• [About this task] Leave out the images and transcribe the entries below word for word.

Caption-style text data:

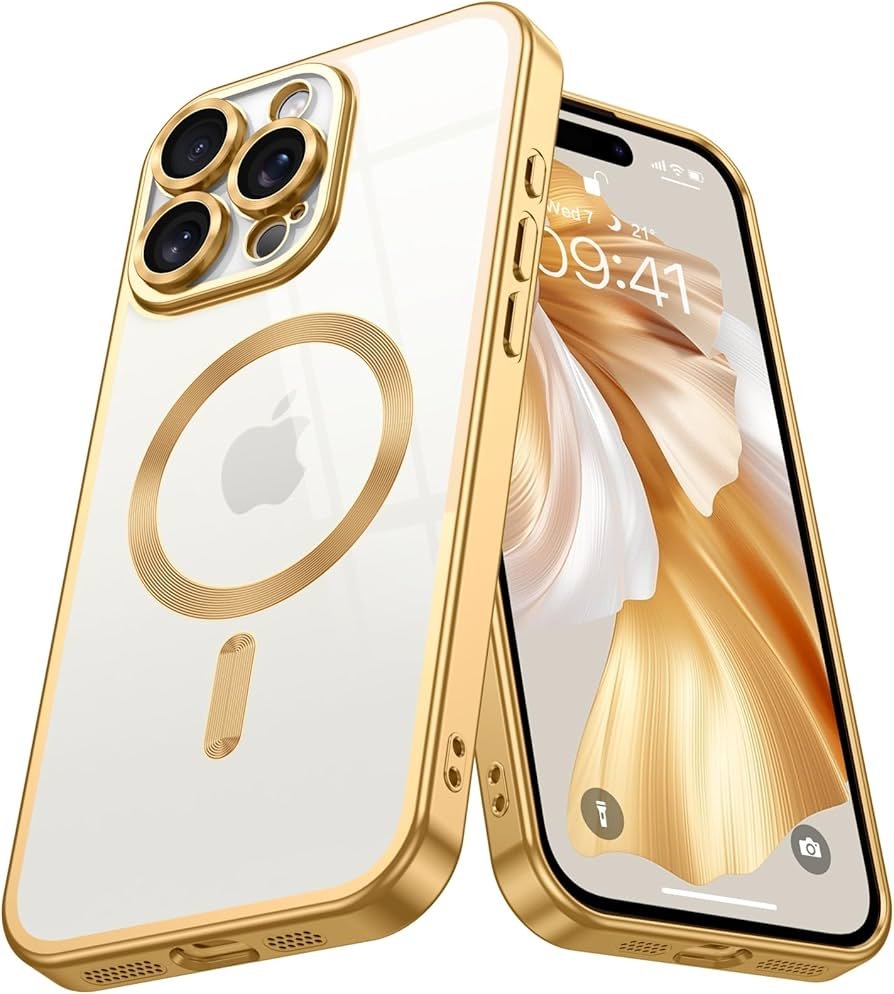 Чехол Totu для Apple iPhone 16 Pro прозрачный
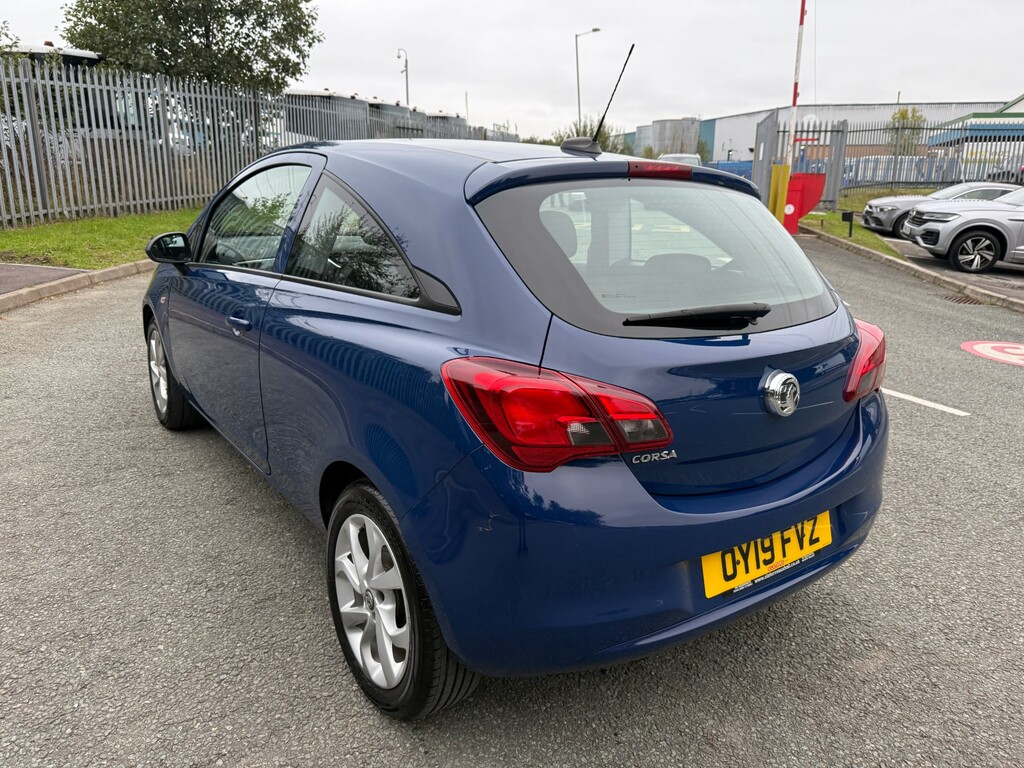 Vauxhall Corsa 1.4I Ecotec Energy Hatchback Eur OY19FVZ Blue #5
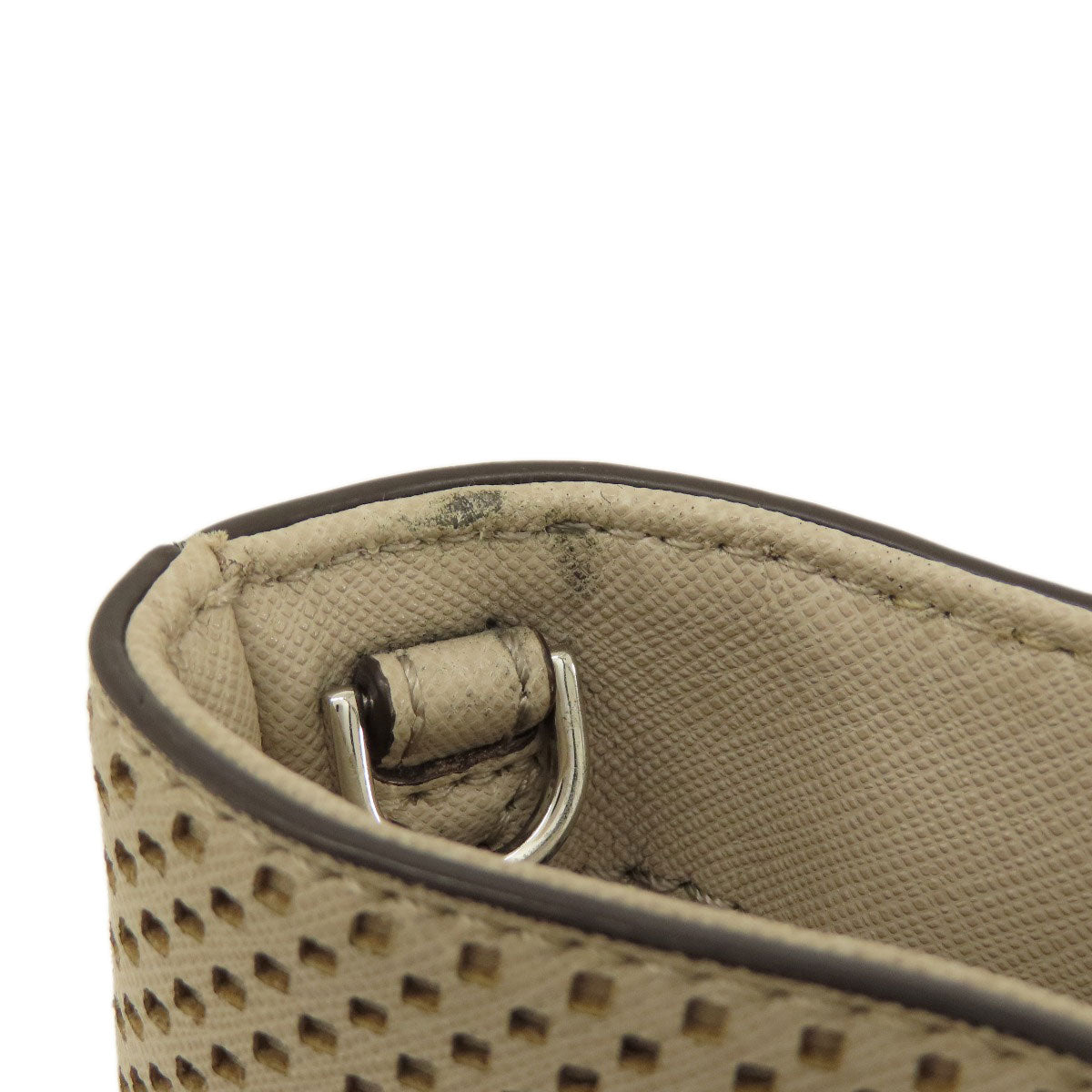 Michael Kors Punching 2WAY Tote Bag Leather Ladies [Used]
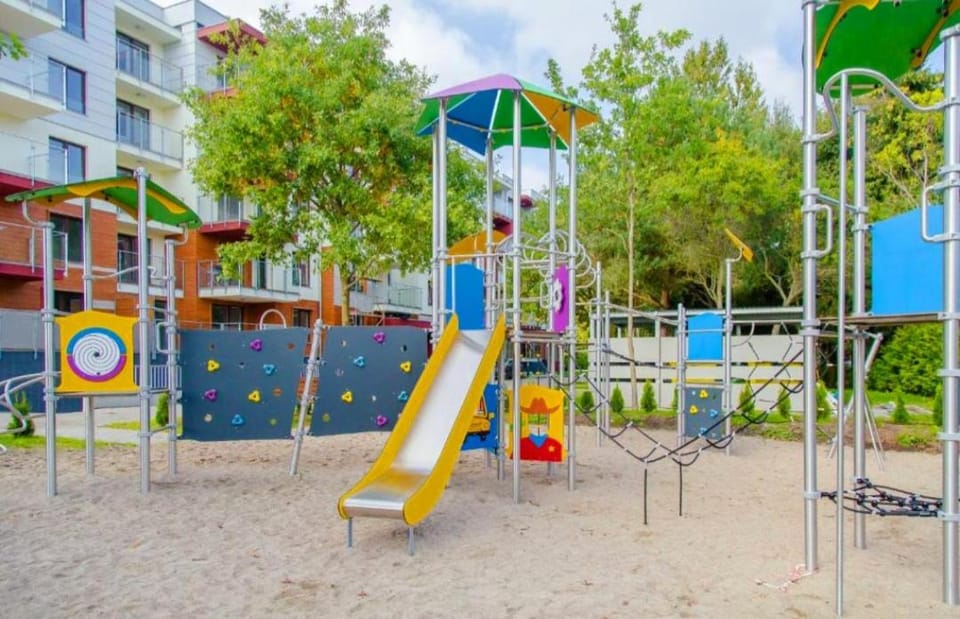 Natural landscape, Children play ground, Children play ground, Garden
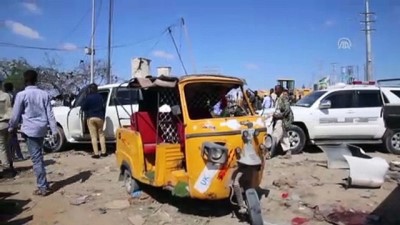 ogrenciler - Somali'de bombalı saldırı: 30 ölü - MOGADİŞU  Videosu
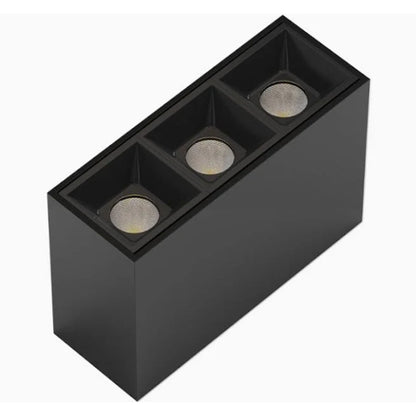 SPOT PIX VIGO SB.QD. 6W 2700K 30 PRETO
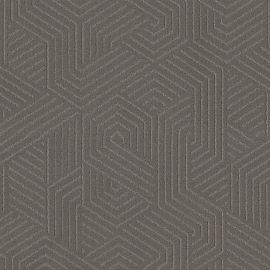 Tapijt Infinity Geometric Warmgrijs 0102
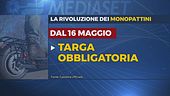 Monopattini, la targa è obbligatoria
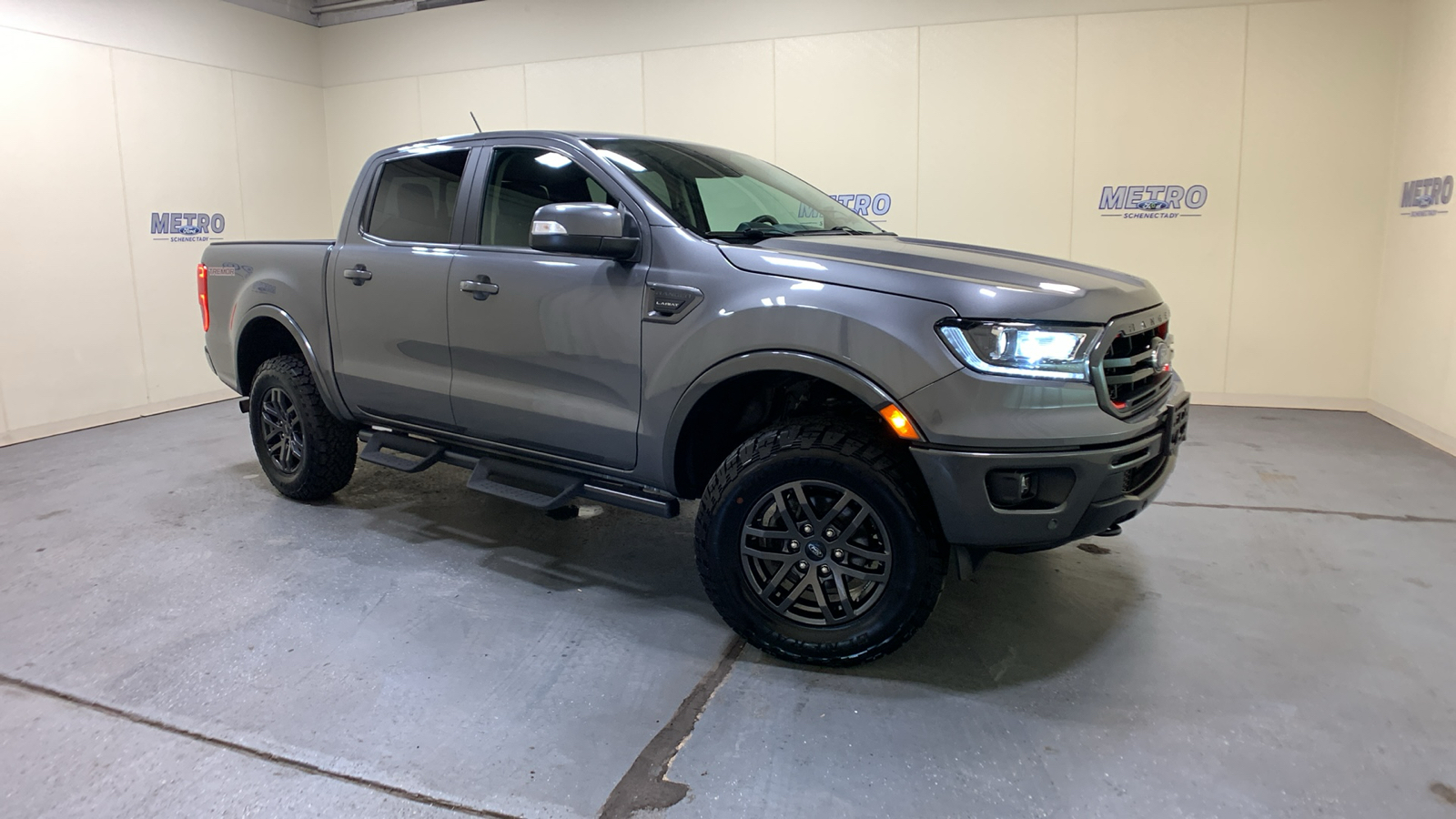 2021 Ford Ranger Lariat 1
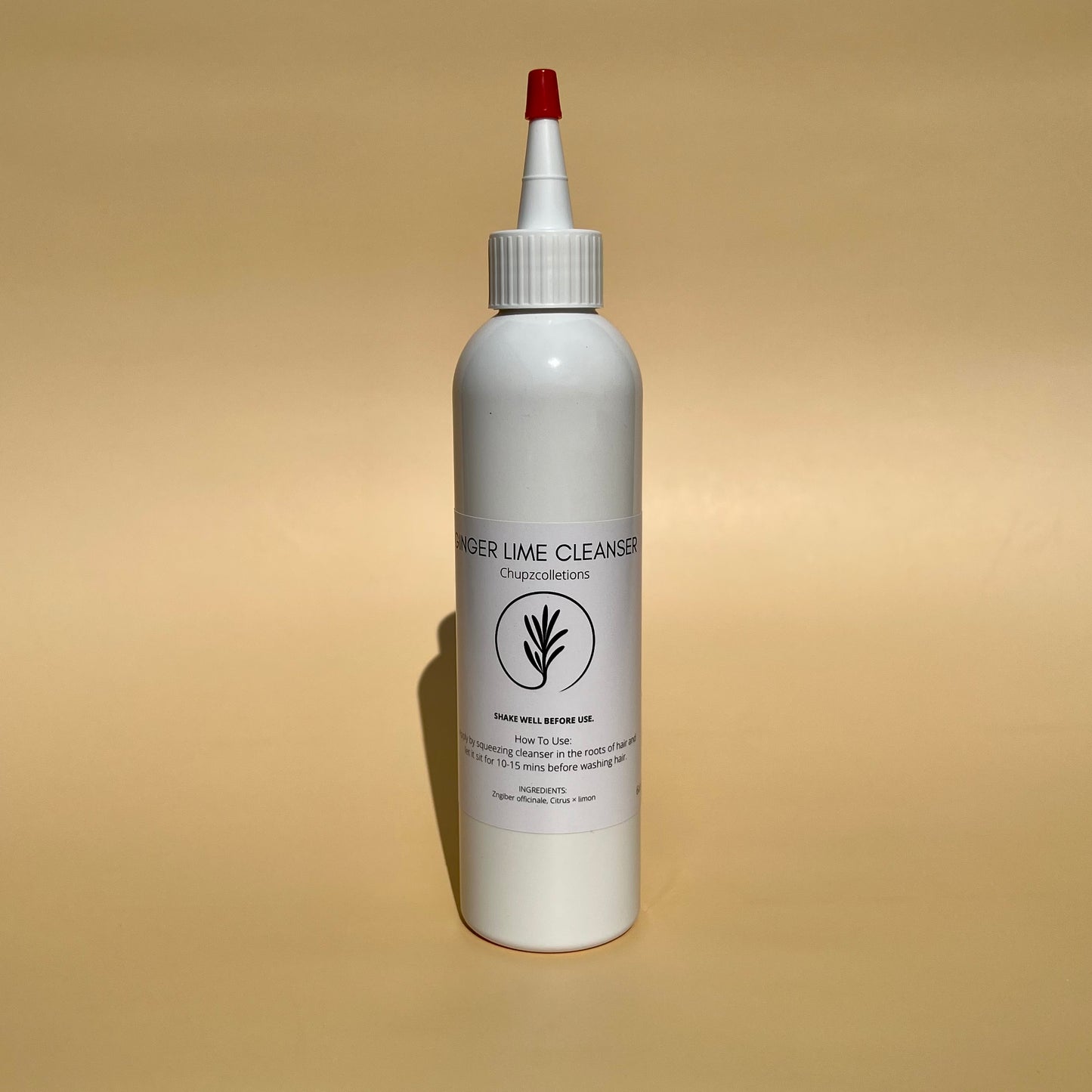 Ginger lime cleanser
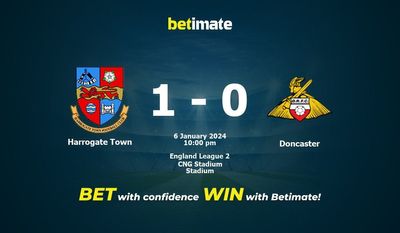 Harrogate Town 대 Doncaster 예측, 승률 및 베팅 팁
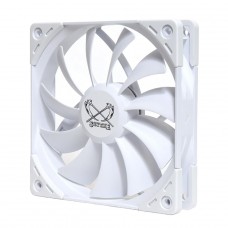 Cooler Para Gabinete Scythe Kaze Flex II 120, 120mm, White, KFS1225FD20W-P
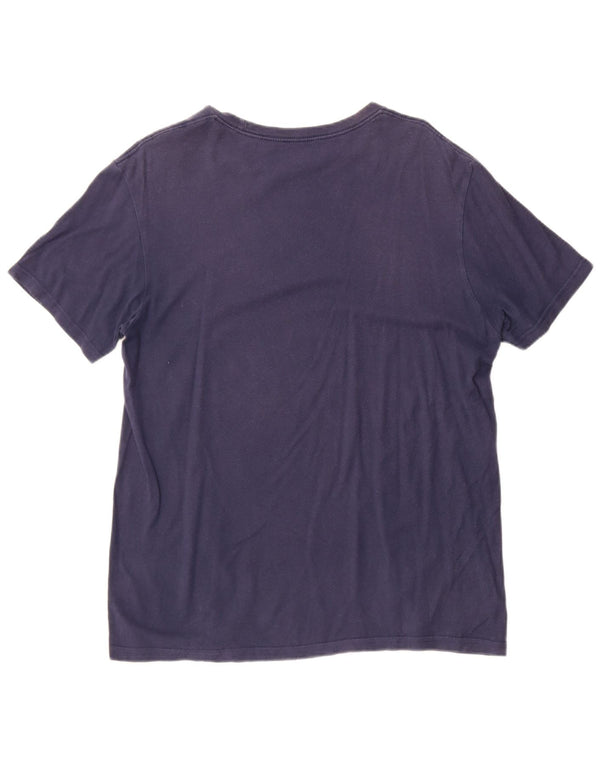 Converse Herren T-Shirt mit Grafik, mittelgroß, Marineblau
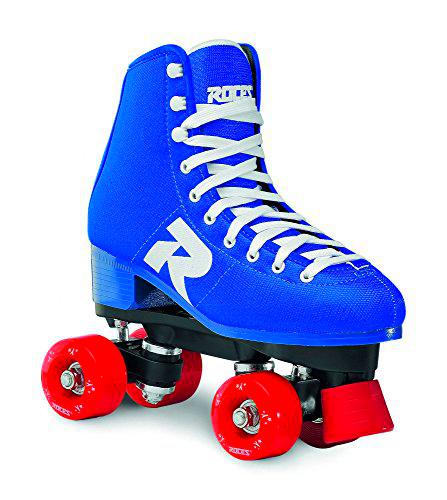 Roces 52 Star Quad Skate, Unisex - Adulto, Azul, 41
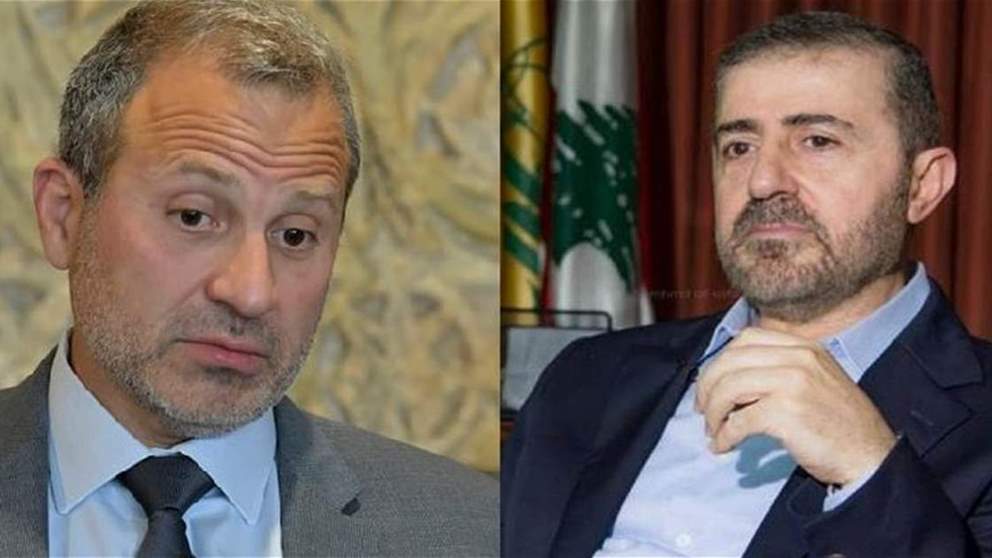 "الأخبار": لقاء قريب بين جبران باسيل ووفيق صفا
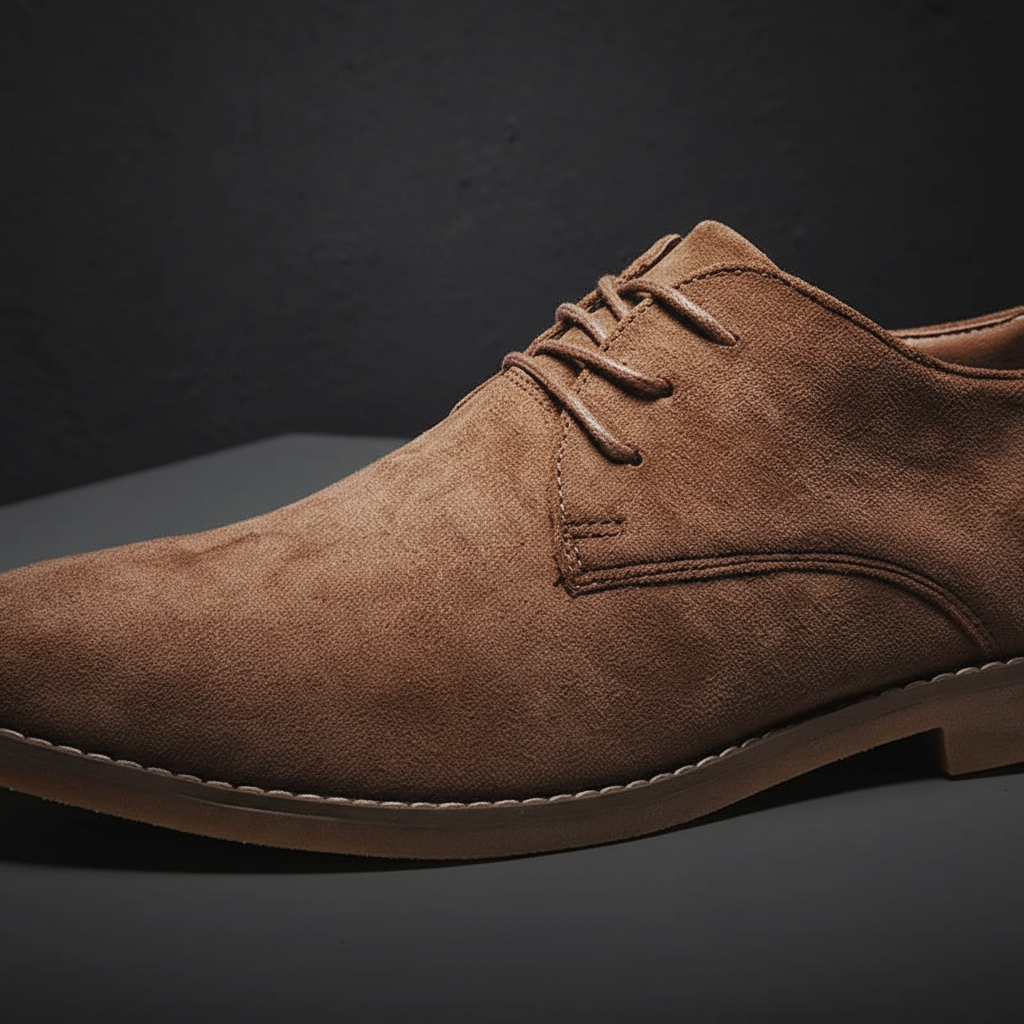 Herren-Oxford-Schuhe mit Schnürung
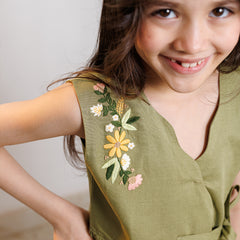 Garden Ribbon Dress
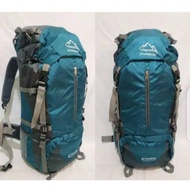 LOKAL Pumkin ADVENTURE - ORIGINAL LOCAL 60/65 LITER PUMKIN MOUNTAIN BACKPACK / HIKING BAG / MUDIK BA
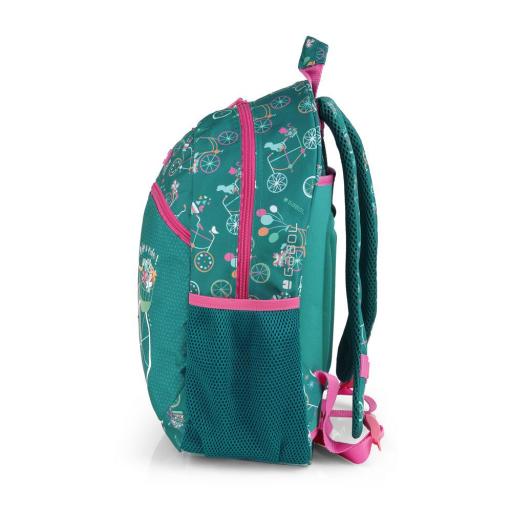 Mochila adaptable a carro Impermeable fiori verde 234206 004 [1]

• [Result below]
 Чехол Totu для Apple iPhone 16 Pro прозрачный
 Vauxhall Corsa 1.4I Ecotec Energy Hatchback Eur OY19FVZ Blue #5
 Michael Kors Punching 2WAY Tote Bag Leather Ladies [Used]
 Natural landscape, Children play ground, Children play ground, Garden
 ogrenciler - Somali'de bombalı saldırı: 30 ölü - MOGADİŞU  Videosu
 SPOT PIX VIGO SB.QD. 6W 2700K 30 PRETO
 Tapijt Infinity Geometric Warmgrijs 0102
 Monopattini, la targa è obbligatoria
 2021 Ford Ranger Lariat 1
 Ginger lime cleanser
 Harrogate Town 대 Doncaster 예측, 승률 및 베팅 팁
 Cooler Para Gabinete Scythe Kaze Flex II 120, 120mm, White, KFS1225FD20W-P
 Converse Herren T-Shirt mit Grafik, mittelgroß, Marineblau
 Roces 52 Star Quad Skate, Unisex - Adulto, Azul, 41
 "الأخبار": لقاء قريب بين جبران باسيل ووفيق صفا
 Herren-Oxford-Schuhe mit Schnürung
 Garden Ribbon Dress
 LOKAL Pumkin ADVENTURE - ORIGINAL LOCAL 60/65 LITER PUMKIN MOUNTAIN BACKPACK / HIKING BAG / MUDIK BA
 Mochila adaptable a carro Impermeable fiori verde 234206 004 [1]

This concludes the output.